When I speak of the appearances, I am speaking of the times that the disciples claimed to see the risen Christ. Now whether or not they saw the risen Christ is disputed of course, but there is little doubt that they experienced something that was to them an appearance of the risen Christ.
The creed in 1 Corinthians 15 lists appearances to Peter, James, the twelve, more than 500 at a time, and then Paul includes himself. We will be focusing more on Paul tomorrow. While I believe the same happened to James, that will not be included under historical bedrock.
Our evidence again is that the gospels, aside from Mark, speak of this event, as does the Acts of the Apostles, and this creed in 1 Corinthians 15. Various church fathers refer to the appearances too. This event is what enabled the apostles to go out and start claiming Christ was raised.
Of course, there are those who say that this was not an appearance of the risen Christ. A common theory that is given in response is that the apostles were hallucinating. Many of us have experienced these. When I was eight, I had eye surgery and for a time, I looked at my mother and couldn’t tell which one she was, because when I saw her, I saw two of her.
There are a number of problems with the apostles hallucinating however. While mine was medical, we have no reason to believe the apostles were on any mind-altering drugs or had medical surgery of some sort recently. Thus, if there was one, it would be for psychological reasons.
Psychology is tough enough when the patient is sitting right across from someone. It’s much harder when we start using psychology on ancient figures that we really have little information of. It’s not totally invalid, but theories should not be built upon psychological speculation.

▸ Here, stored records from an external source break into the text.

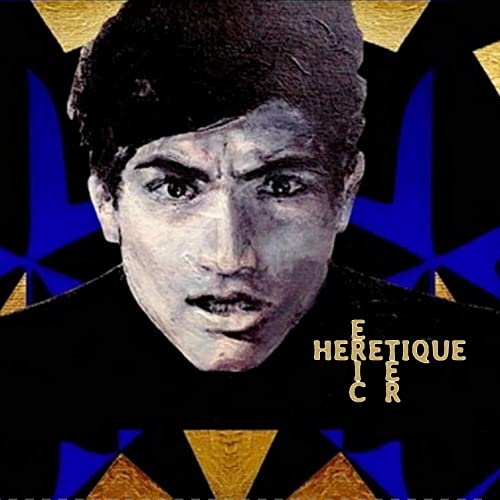Hérétique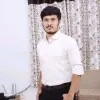 Sri Sudharshan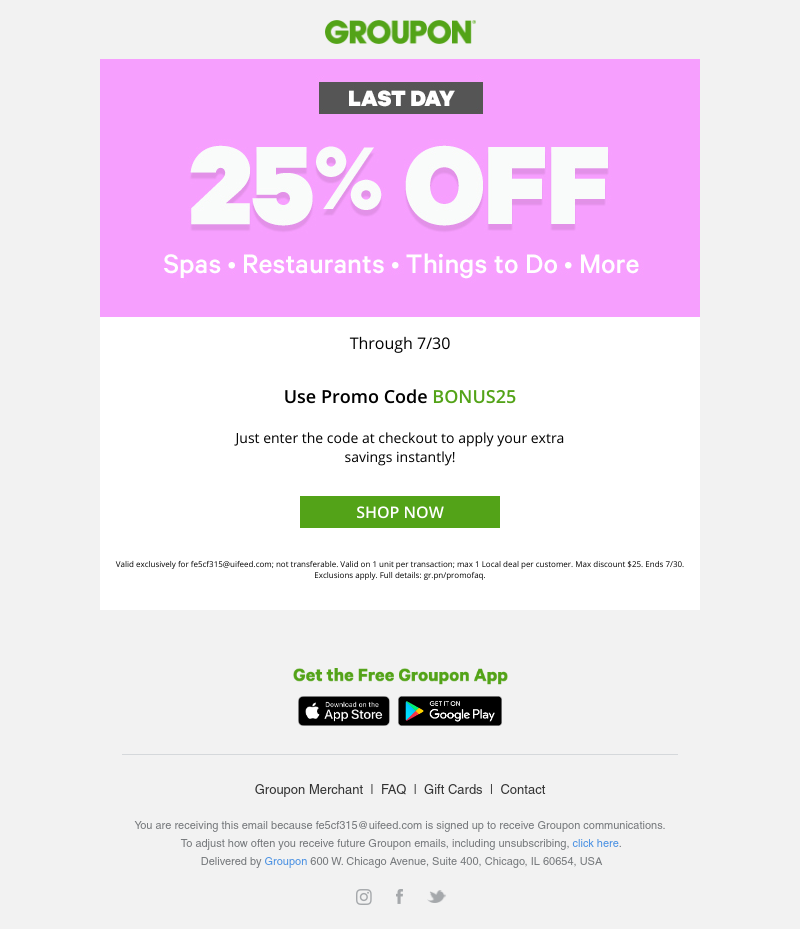 Screenshot of email with subject /media/emails/a30cf5b4-2013-47bc-a944-e0b64e35ffb9.png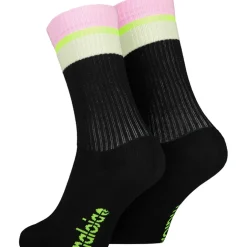 MoliniM. Socken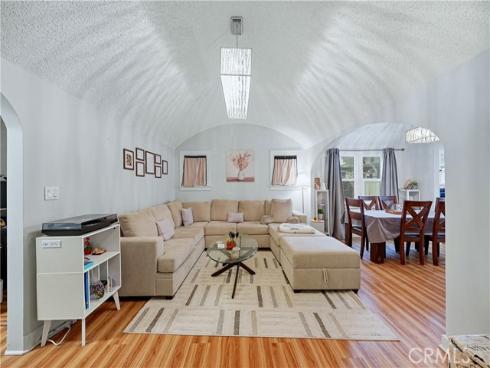 6482 Western Avenue, Buena Park, CA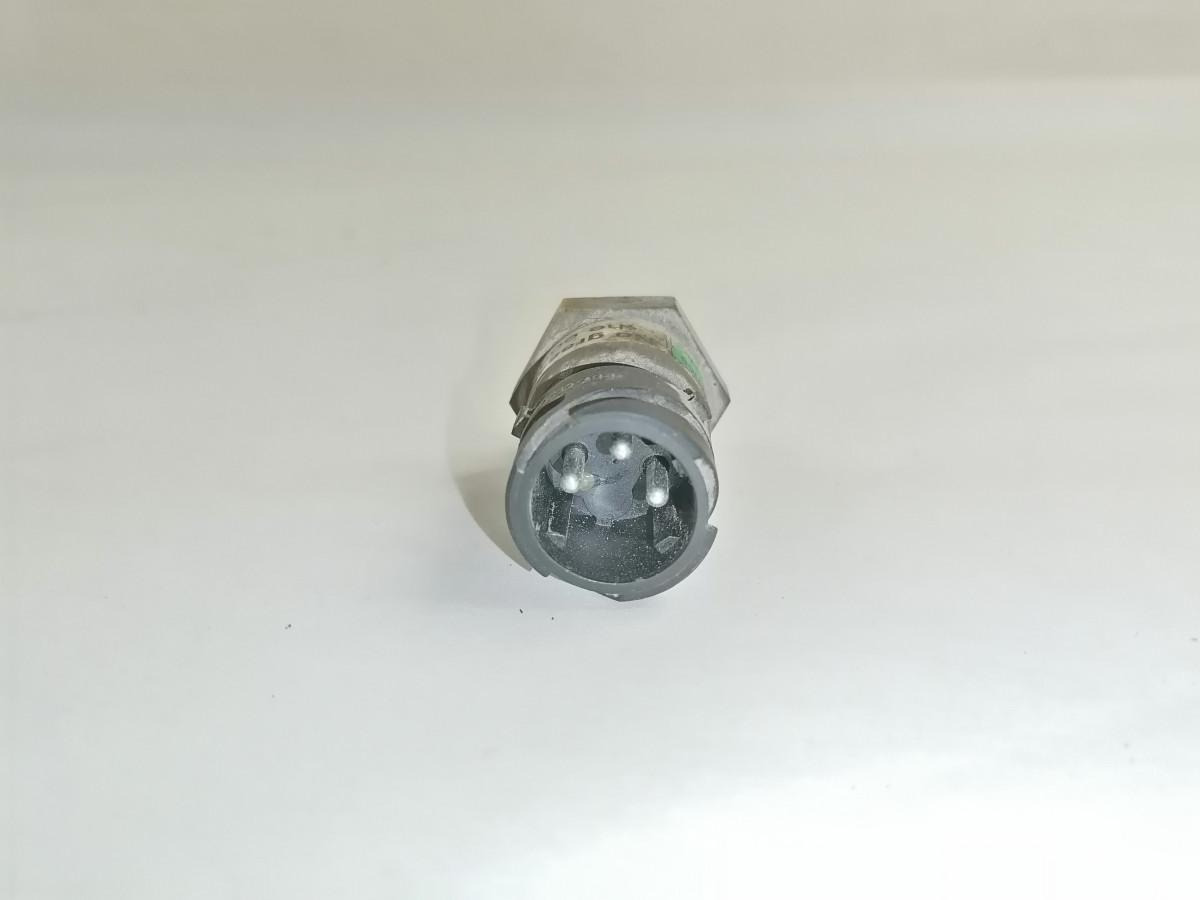 Volvo Sensor, air pressure 20514065 - Sensor for Truck: picture 4 Volvo Sensor, air pressure 20514065 - Sensor for Truck: picture 4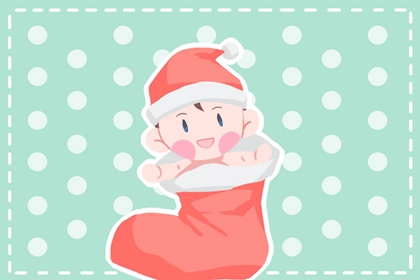 2022年11月17日农历十月二十四出生婴儿取名字大全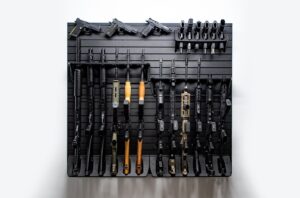 ModWall Compact 21 Gun Package Compact 21 Gun Package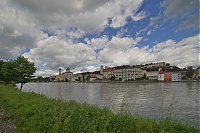 Passau_002_ji.jpg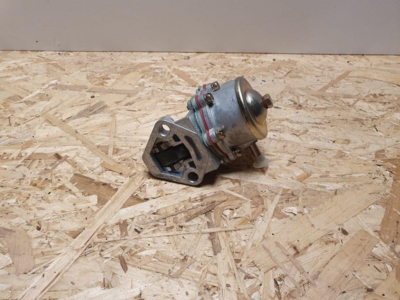 Brændstofpumpe (7581117)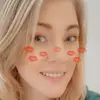 Lisa Stauffer - @lisastauffer1 - TikTok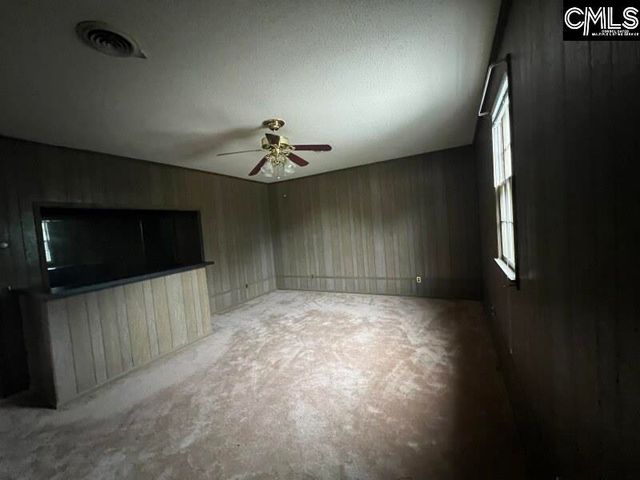 109 Wessinger Drive, Lexington, SC 29072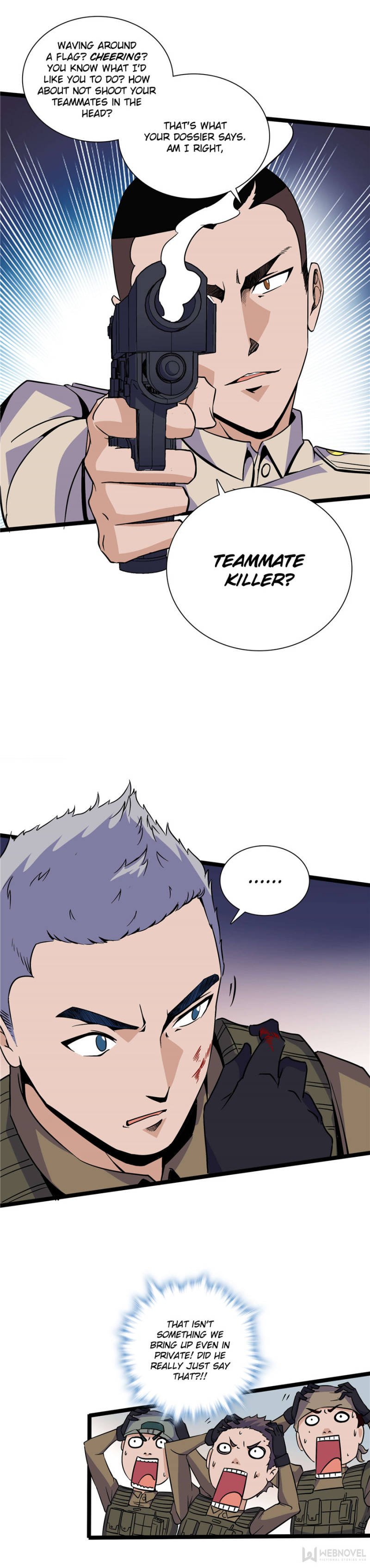 Page 16 of Chapter 117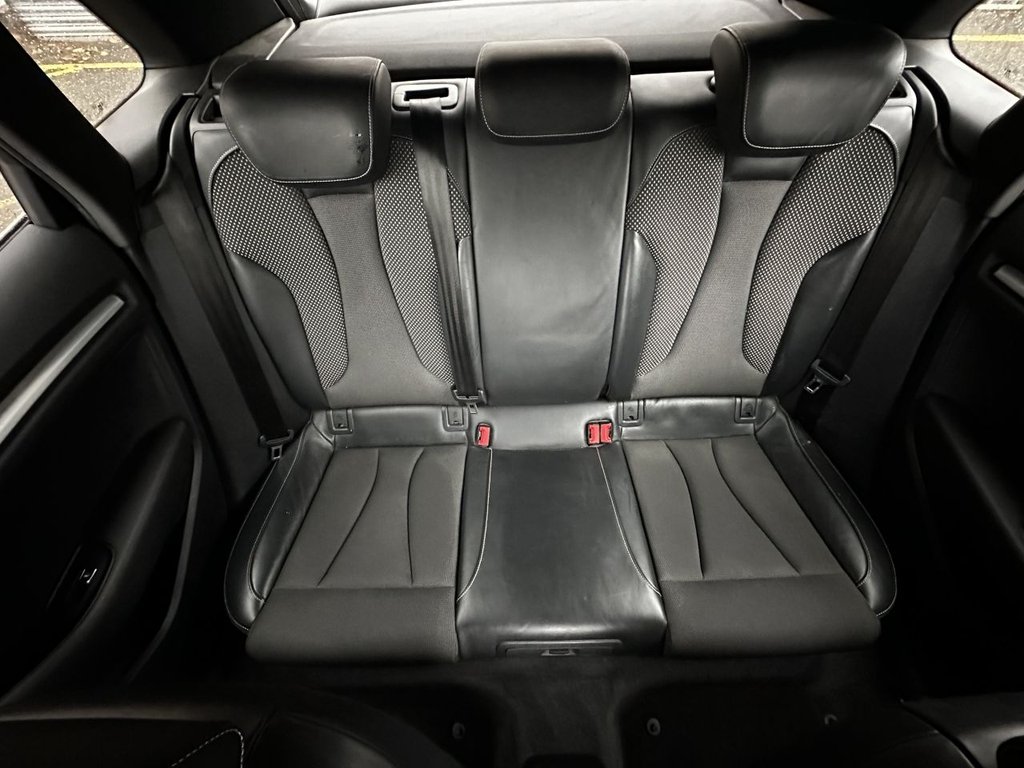 Used Audi A3 2014 for sale - 76356279: Photo 10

To begin with, the disciples were not in the mindset to experience a hallucination of Jesus as risen. If they were grieving, any hallucination would have been of Jesus in Abraham’s Bosom. It would not be of Jesus being alive and well and appearing among them.
Second, this would not explain the group hallucinations. It would be difficult to find a valid example of such an event. Sometimes, groups of people can see something by being made prone to that. For instance, one person says he sees such and such and another person says the same and before too long, those in the back who can’t see as well think they see the same thing. An appearance to the twelve would not be like that. This is especially the case with one that would happen indoors such as in John 20.
Also, some might point to visions at Fatima. My thoughts on that matter is that I’m not ready to rule out a group appearance. Gary Habermas recommends keeping in mind the distinction between hallucinations and illusions as well. Illusions are misrepresentations of natural phenomena, like what a magician does. Hallucinations are all in the head with nothing outside of the person to figure into the hallucination.
Hallucinations cannot be shared. I could not go to sleep one night and be dreaming of Hawaii and wake up my wife and ask her to join me in the dream. One person would not hallucinate Jesus and then have the others join in. That would be an illusion instead of a hallucination.
Finally, hallucinations would not explain the empty tomb. If anyone had shown the body of Christ, the game would be over. There would be no basis for saying he was risen if the corpse was there. Do note the disciples never went for a spiritual resurrection. (We will look at material in 1 Corinthians 15 later) They went all the way the hard route with a physical resurrection.
Could it be they did that because what they claimed happened? The risen Christ did appear to them?